We have many instances of people receiving transmission, either formally or informally, experiencing different things about your real nature and teachings, feeling more relaxed or whatever is happening.
But it's a very, very rare person who really comes in with the understanding of being a disciple. And that is not anything you can read in a book or anybody can tell you to do.
The better question isn't about my self conception as a guru. I don't have any such self conception. I don't actually care about it, having that label or not having that label.
If someone relates to me that way, that is not up to me. And if they did, I would have grave responsibility toward that person. Unavoidable grave responsibility.
I don't mean that in a horrible sense, but you just can't imagine, most of us, what that really means. So that is a cosmic event and it can't be assumed, controlled, defined or manufactured in any way.
But what it would mean for me, what it does mean to me is that everything that I am capable of would be called on.
And that's what it means for a disciple also. So it'd be best to ask yourself about being a disciple more than to ask me about being a guru.
And maybe the answer is 'I'm not a disciple, I'm just a student,' which is wonderful also. I have no problem with that. I'm happy anybody does anything.
But the circumstance of being an actual disciple is so rare. And people in the United States who get into spiritual traditions from this part of the world—sometimes, not always, but sometimes—kind of think of having a guru as like a spiritual accoutrement. They have to have one.
But they're not disciples, they're just people acquiring this self brand of having a guru. So and so is my guru. The real guru-disciple relationship is the most thoroughgoing, nuanced, all encompassing, love, fascinating, magical, grueling, terrifying. It's just so many different things you couldn't possibly say.

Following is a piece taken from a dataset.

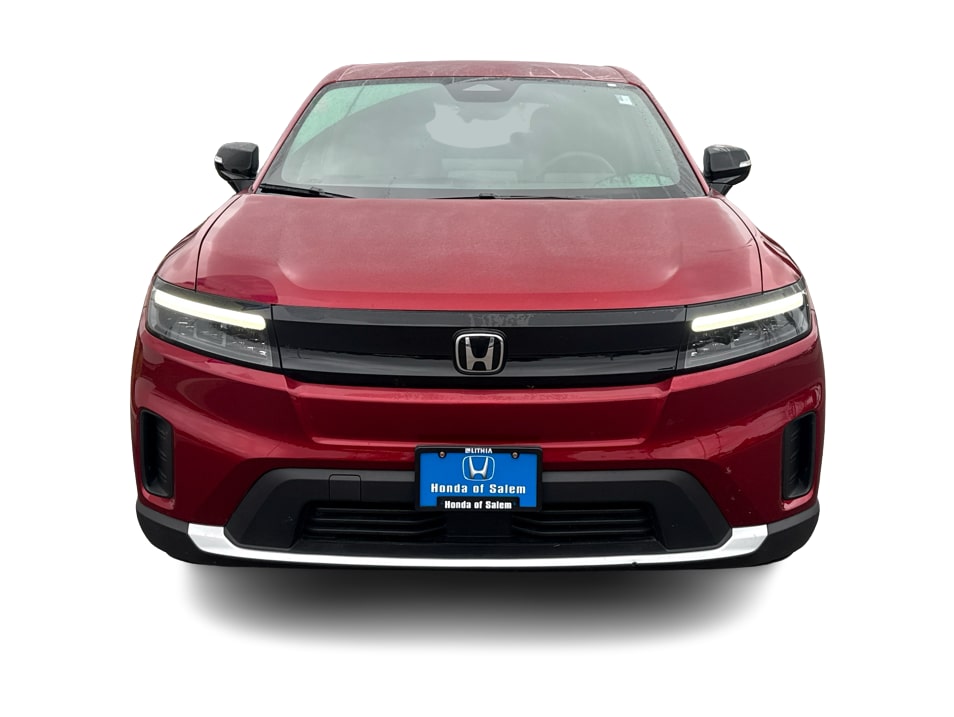 Thumbnail: 2024 Honda Prologue - 4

But if you feel that and you know that, then you can move into that. I would say that I always had an innate sense of following in a discipleship.
And that when I met teachers, I treated them all as guru, even though some of them on the outer side might not have been that, but I related to all my teachers as guru. Not as, like, the one guru, but just as something to do with that.
But at the same time, I was also afraid, because I knew already what it meant to be a disciple, I was afraid. So I was not giving my all at first because I knew what it meant.
Can you speak to what you were holding back?
Obedience. My little portion of the pie that I wanted to keep for me. One time I had a dream, or Ma came in the dream, she was sitting in the kitchen at a table, and she just looked at me and she said, 'You're late.'
It was just like this emblem of having held something back. I've been here waiting. You're late. I've told you about that time she came in my dream and yelled at me. She said, 'I am Guru. You are shisha. Your only job is to obey instantly.'
But in order to do that, it can't just be like, I want to be obedient, so I get a pat on the head. You have to feel and know that if you were completely obedient, everything would be given to you. And even just being partially obedient, I feel incredible things have been given to me [laughs].
But you have to know what it means. It can't be like some decision you make or some concept you have of obedience or some idea of being a good girl and getting approval.
If anything, the more obedient you are, the more that's going to be asked of you, and the more chance there is that your teacher is going to yell at you like, I've been yelled at.
But it's not a career path. It's not a choice. We're very competitive. So when I talk about this stuff, I just feel like there's a subset of people that are, like, trying to manufacture some feeling, and that's not like that.
So everyone just continue on as you are, please. I think it's the best thing ever. But that's because that's how I was made. But I'm sixty-six, and I'm still working on being completely obedient. So, there's that.